Records provided

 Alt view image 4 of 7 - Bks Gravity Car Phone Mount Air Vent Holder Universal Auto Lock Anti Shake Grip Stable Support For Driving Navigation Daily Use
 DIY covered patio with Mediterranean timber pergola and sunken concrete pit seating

* * *

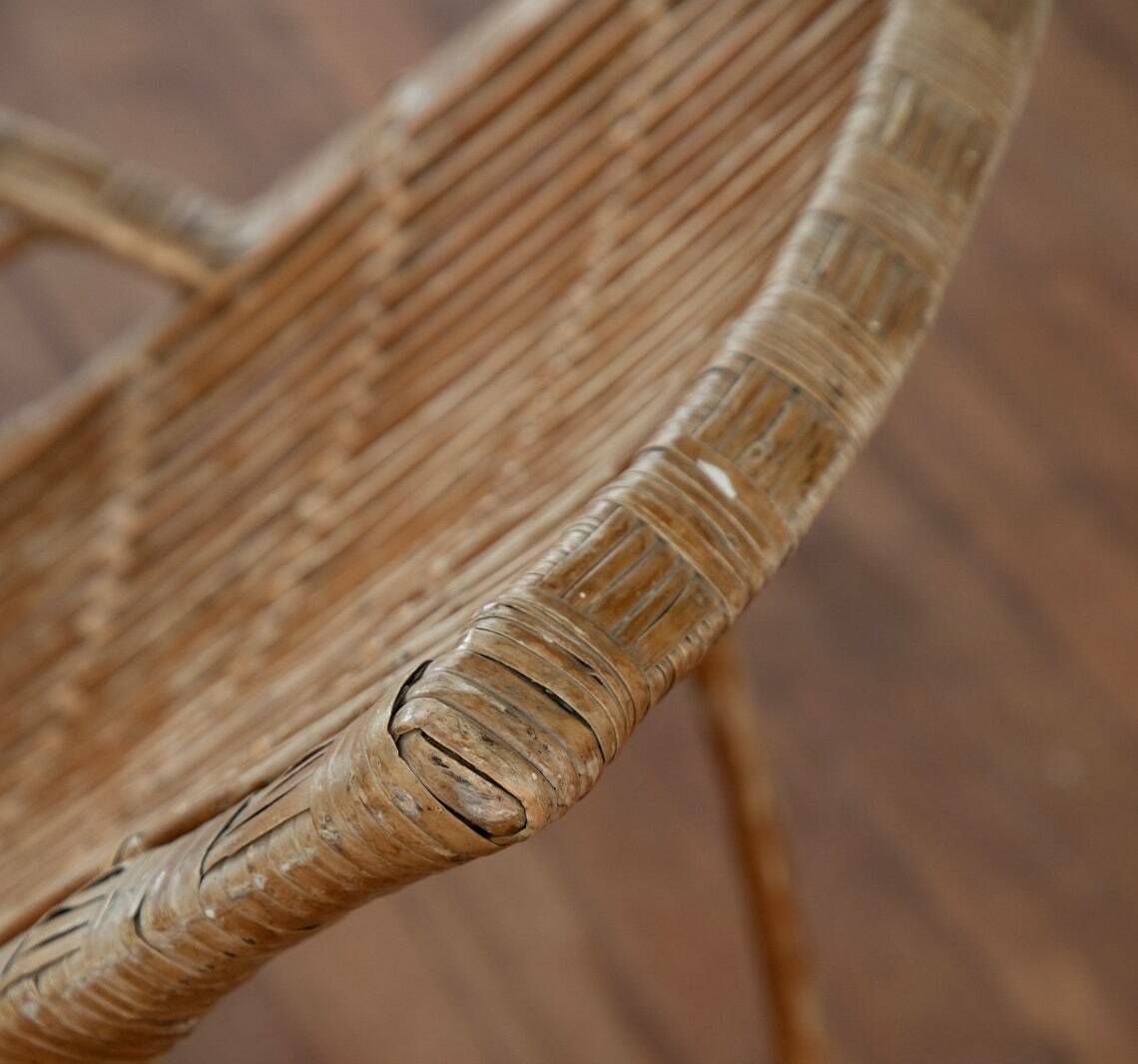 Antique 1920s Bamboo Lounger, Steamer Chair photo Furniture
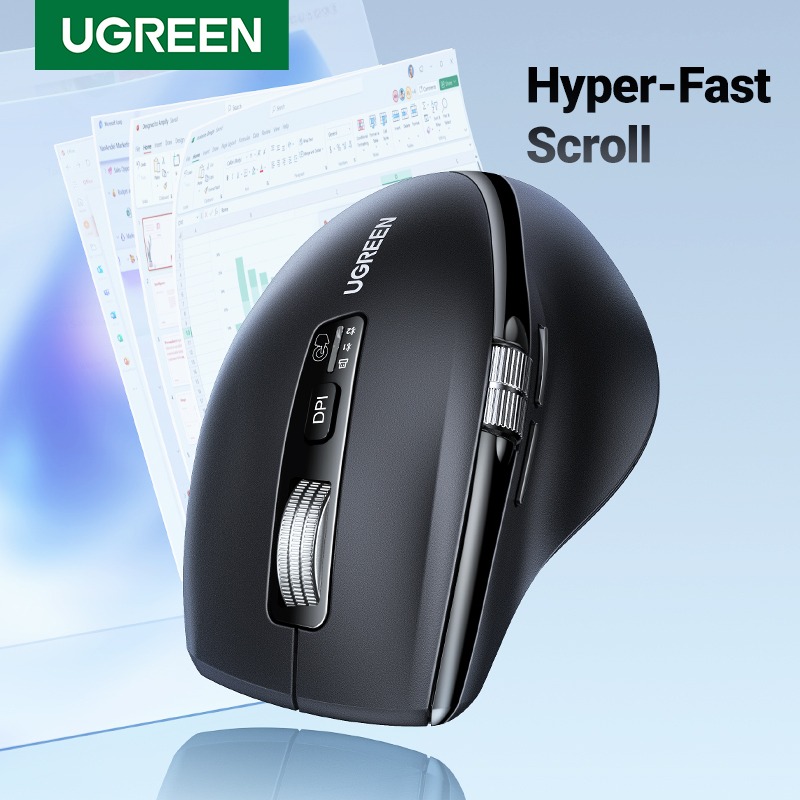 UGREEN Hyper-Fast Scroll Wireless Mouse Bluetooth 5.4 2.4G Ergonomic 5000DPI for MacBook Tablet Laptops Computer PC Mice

* * *

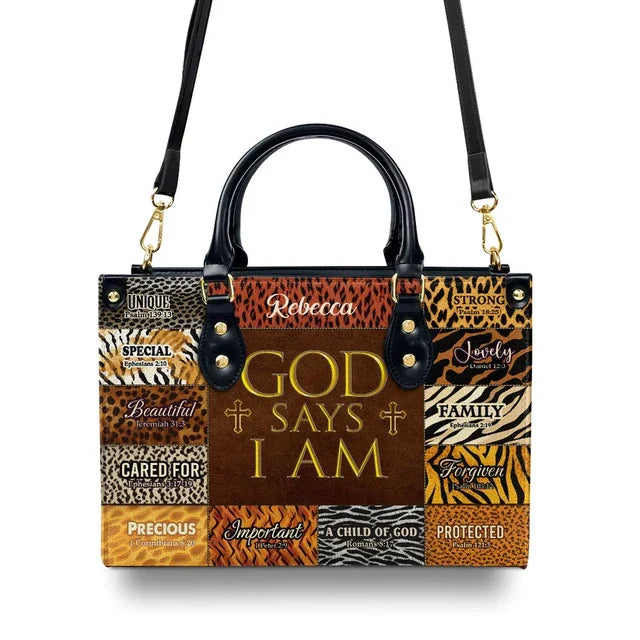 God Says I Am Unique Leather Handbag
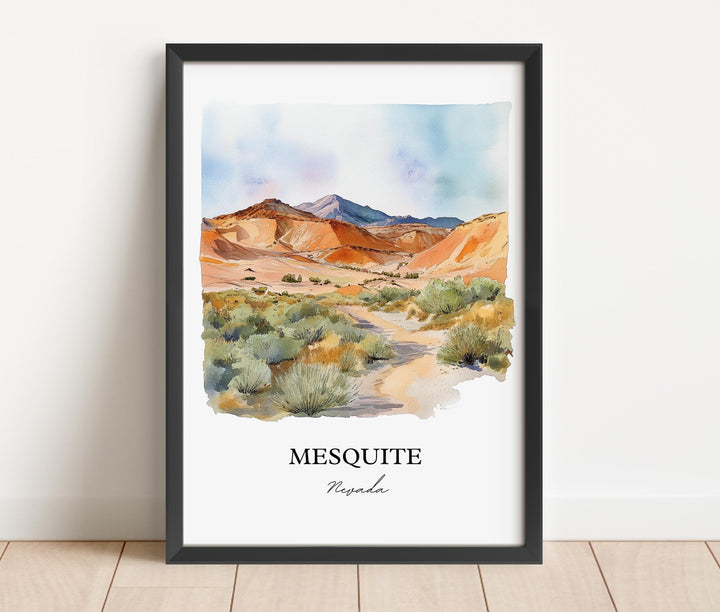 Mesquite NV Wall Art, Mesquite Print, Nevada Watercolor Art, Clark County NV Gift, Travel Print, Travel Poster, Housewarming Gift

Work order
Above are some records; extract exactly the lines from the one containing "Antique 1920s Bamboo" through the one containing "UGREEN Hyper-Fast Scroll" and drop the pictures.

Response
 Antique 1920s Bamboo Lounger, Steamer Chair photo Furniture
 UGREEN Hyper-Fast Scroll Wireless Mouse Bluetooth 5.4 2.4G Ergonomic 5000DPI for MacBook Tablet Laptops Computer PC Mice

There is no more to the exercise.